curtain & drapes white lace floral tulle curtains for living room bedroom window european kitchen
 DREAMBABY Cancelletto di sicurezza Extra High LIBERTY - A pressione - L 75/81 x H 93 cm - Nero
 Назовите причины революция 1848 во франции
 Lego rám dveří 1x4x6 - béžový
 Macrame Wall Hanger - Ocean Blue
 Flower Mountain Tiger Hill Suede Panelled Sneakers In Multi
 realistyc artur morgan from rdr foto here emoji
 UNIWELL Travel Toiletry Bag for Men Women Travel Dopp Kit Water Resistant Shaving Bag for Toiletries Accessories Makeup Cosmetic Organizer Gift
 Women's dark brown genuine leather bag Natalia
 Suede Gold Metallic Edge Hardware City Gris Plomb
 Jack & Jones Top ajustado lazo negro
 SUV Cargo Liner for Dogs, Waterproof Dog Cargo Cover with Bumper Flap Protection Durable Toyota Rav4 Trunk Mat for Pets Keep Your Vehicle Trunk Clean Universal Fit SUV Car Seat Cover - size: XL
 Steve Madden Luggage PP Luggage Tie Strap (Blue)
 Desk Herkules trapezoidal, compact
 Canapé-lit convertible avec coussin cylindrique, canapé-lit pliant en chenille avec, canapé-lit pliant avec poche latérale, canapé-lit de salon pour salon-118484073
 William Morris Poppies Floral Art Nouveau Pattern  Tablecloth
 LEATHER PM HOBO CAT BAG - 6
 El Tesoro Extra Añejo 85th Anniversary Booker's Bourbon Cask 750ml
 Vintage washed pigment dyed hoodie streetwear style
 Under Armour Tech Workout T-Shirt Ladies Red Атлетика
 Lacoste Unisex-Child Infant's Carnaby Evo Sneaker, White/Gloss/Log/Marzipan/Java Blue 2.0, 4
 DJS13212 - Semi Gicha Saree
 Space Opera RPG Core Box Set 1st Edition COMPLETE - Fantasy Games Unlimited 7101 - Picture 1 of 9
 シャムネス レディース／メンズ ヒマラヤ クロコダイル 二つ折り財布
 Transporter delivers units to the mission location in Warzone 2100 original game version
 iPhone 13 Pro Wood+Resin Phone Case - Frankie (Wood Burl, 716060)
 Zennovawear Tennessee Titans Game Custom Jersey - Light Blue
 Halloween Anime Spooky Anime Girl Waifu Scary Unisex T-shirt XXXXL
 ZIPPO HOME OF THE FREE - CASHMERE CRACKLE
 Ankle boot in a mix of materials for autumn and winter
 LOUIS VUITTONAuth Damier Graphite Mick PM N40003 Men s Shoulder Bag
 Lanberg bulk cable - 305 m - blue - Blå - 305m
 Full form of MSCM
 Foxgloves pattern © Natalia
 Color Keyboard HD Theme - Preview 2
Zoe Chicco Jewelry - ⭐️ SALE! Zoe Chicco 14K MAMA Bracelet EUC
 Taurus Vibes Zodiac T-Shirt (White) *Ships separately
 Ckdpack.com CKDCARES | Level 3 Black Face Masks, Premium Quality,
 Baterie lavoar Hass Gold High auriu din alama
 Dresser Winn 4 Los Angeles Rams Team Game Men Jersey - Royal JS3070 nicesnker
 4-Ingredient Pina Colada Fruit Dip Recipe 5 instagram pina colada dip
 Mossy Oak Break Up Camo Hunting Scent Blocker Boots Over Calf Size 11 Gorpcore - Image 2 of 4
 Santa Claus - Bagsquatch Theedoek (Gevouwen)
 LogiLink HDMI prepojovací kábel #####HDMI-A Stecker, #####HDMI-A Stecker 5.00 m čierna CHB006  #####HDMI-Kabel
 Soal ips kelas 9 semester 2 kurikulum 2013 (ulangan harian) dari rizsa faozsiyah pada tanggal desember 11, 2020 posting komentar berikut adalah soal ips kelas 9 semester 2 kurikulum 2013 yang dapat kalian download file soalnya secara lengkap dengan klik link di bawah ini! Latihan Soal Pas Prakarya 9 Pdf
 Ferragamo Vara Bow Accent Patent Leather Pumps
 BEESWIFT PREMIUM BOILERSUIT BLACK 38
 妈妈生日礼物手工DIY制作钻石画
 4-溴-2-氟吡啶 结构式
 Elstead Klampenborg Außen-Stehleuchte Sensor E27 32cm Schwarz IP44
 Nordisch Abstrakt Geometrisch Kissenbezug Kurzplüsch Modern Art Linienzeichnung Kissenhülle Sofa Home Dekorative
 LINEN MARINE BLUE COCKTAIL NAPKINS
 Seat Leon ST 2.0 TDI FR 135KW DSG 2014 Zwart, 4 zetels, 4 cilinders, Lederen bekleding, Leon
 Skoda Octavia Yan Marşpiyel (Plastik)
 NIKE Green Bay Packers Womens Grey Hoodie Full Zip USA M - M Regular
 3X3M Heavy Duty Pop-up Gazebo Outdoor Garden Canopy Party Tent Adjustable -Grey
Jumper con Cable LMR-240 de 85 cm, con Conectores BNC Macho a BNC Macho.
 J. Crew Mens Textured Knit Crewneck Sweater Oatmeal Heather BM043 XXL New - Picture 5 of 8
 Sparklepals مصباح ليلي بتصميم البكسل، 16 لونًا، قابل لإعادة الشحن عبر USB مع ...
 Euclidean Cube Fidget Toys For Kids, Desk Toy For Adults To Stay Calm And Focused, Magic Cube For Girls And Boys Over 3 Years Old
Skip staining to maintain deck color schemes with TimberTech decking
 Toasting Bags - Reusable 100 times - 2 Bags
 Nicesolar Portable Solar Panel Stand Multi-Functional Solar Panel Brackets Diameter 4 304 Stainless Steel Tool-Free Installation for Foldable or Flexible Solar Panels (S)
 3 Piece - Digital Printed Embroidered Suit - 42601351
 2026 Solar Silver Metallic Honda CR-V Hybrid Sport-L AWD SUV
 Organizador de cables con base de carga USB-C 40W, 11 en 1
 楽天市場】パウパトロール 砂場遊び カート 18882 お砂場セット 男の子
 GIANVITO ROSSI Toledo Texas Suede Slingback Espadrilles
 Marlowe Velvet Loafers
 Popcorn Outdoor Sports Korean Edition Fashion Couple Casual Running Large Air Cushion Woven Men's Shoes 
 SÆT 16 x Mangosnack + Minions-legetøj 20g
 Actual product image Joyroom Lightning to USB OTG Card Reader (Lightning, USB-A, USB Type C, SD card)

Problem to solve = Quote the data above verbatim from its first line to the line that includes "Canapé-lit convertible avec", with both boundary lines retained.

Solution to the exercise =
curtain & drapes white lace floral tulle curtains for living room bedroom window european kitchen
 DREAMBABY Cancelletto di sicurezza Extra High LIBERTY - A pressione - L 75/81 x H 93 cm - Nero
 Назовите причины революция 1848 во франции
 Lego rám dveří 1x4x6 - béžový
 Macrame Wall Hanger - Ocean Blue
 Flower Mountain Tiger Hill Suede Panelled Sneakers In Multi
 realistyc artur morgan from rdr foto here emoji
 UNIWELL Travel Toiletry Bag for Men Women Travel Dopp Kit Water Resistant Shaving Bag for Toiletries Accessories Makeup Cosmetic Organizer Gift
 Women's dark brown genuine leather bag Natalia
 Suede Gold Metallic Edge Hardware City Gris Plomb
 Jack & Jones Top ajustado lazo negro
 SUV Cargo Liner for Dogs, Waterproof Dog Cargo Cover with Bumper Flap Protection Durable Toyota Rav4 Trunk Mat for Pets Keep Your Vehicle Trunk Clean Universal Fit SUV Car Seat Cover - size: XL
 Steve Madden Luggage PP Luggage Tie Strap (Blue)
 Desk Herkules trapezoidal, compact
 Canapé-lit convertible avec coussin cylindrique, canapé-lit pliant en chenille avec, canapé-lit pliant avec poche latérale, canapé-lit de salon pour salon-118484073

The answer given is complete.